La cornice che garantisce il dialogo è la “Pancasila”, la filosofia che è alla base dello stato, sancita dalla Costituzione. E’ la filosofia dei cinque principi (panca = cinque, sila = principio): fede in un unico Dio supremo; umanità giusta e civile; unità dell’Indonesia; democrazia guidata dalla saggezza; giustizia sociale. La Pancasila indica quanto c’è di buono in ogni religione, i principi comuni come solidarietà, rispetto, giustizia, e dunque è d’aiuto in un percorso di dialogo. La Pancasila è uno strumento per servire, non per dominare: serve a ribadire l’unità dell’Indonesia e l’impegno comune della popolazione indonesiana a rispettare e promuovere alcuni valori fondamentali, che garantiscono la pace e la stabilità.
In quanto credenti in Cristo, è necessario che noi sviluppiamo nella nazione uno spirito di fraternità, uguaglianza fra comunità di cultura, etnia e fede diversa, come base di riferimento per una coesistenza pacifica. Dobbiamo far crescere in tutti un atteggiamento positivo e aperto, nella reciproca conoscenza, ascolto, comprensione e dialogo.

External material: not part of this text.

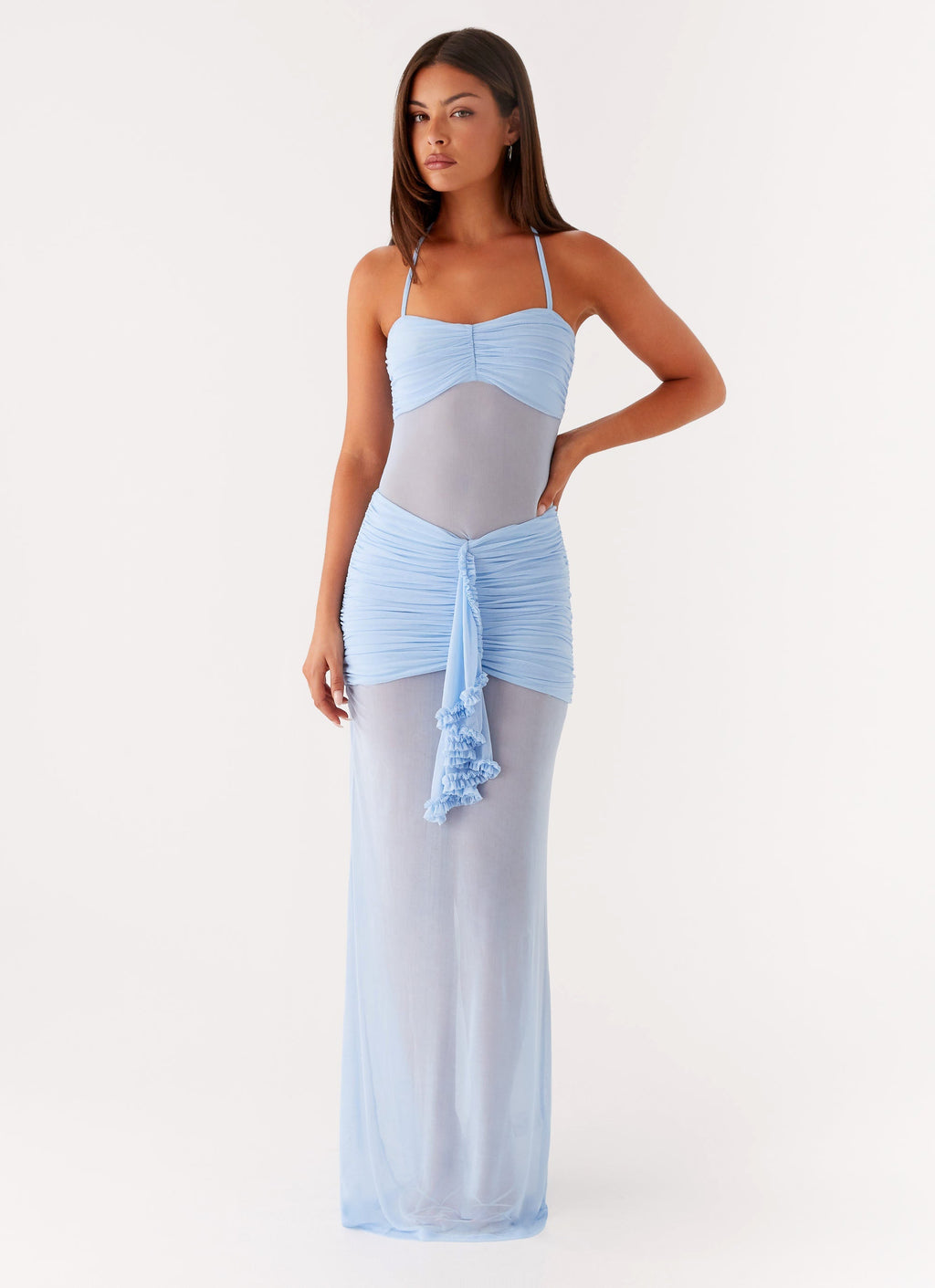 Lily Halter Maxi Dress - Blue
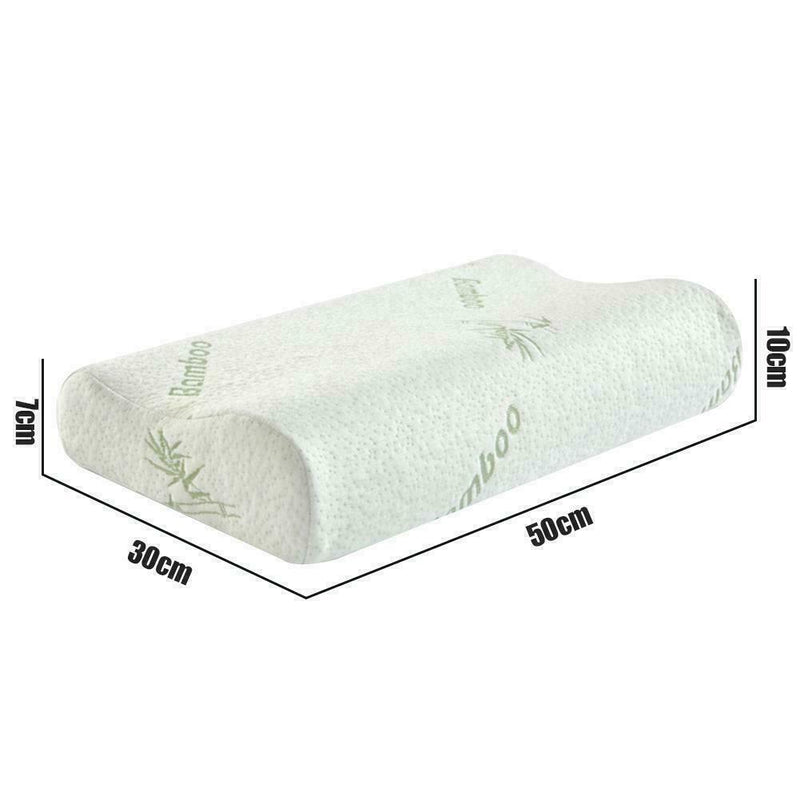 Home Bed Pillow Head Neck Support Bamboo Contour Memory Foam Pillows A6S6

Pensa che il modello di dialogo fra leader in Indonesia possa essere esportabile, e magari possa rappresentare un paradigma per altre aree del mondo?

Per un uomo come me che cerca di comprendere i localismi (e l’Indonesia è una nazione densa di particolarismi, lingue, culture, razze religioni), è difficile parlare di paragoni o paradigmi. Occorre sempre considerare il background storico e culturale: quando l’islam giunse in Indonesia, trovò una cultura plasmata dallo spirito indù-buddista; inoltre arrivò grazie ai commercianti, non con la violenza. I mercanti arabi rispettarono le tradizioni e gli usi locali: così l’islam si introdusse gradualmente nella società e nella tradizione culturale di Giava con discrezione, e senza eliminare la tradizione. Le modalità del dialogo sono sempre influenzate dal background storico-culturale. Il Medio Oriente, ad esempio, ha una storia politico-sociale del tutto diversa. Forse si può dire che dal Medio Oriente si può guardare oltre, verso l’Estremo Oriente, per carpire alcune dinamiche e strategie, su come portare avanti un dialogo e un incontro fruttuoso fra religioni e culture, specialmente sul versante islamo-cristiano. E’ interessante che il governo indonesiano si faccia promotore di un forum interreligioso e di un modello di buone relazioni fra leader e comunità di fede diversa.

Come è considerata la Chiesa in Indonesia?

La Chiesa (i cattolici sono 6 milioni) è tenuta in grande considerazione dalla gente perché fa molto nel campo dell’istruzione e della sanità. Queste opere sono molto apprezzate soprattutto nelle aree rurali, dove spesso non vi sono altre strutture statali. Vogliamo servire le persone nel modo migliore, assistendo soprattutto i poveri. Gli ospedali cattolici hanno una sezione speciale per gli indigenti, che non hanno nemmeno l’assistenza sanitaria di base. I Vescovi stanno costruendo la Caritas indonesiana che si chiama “Karina”: un bel passo avanti per il movimento di solidarietà che la Chiesa ha sempre assicurato al popolo indonesiano, come si è visto anche in occasione dello tsunami o degli ultimi disastri naturali a Giava.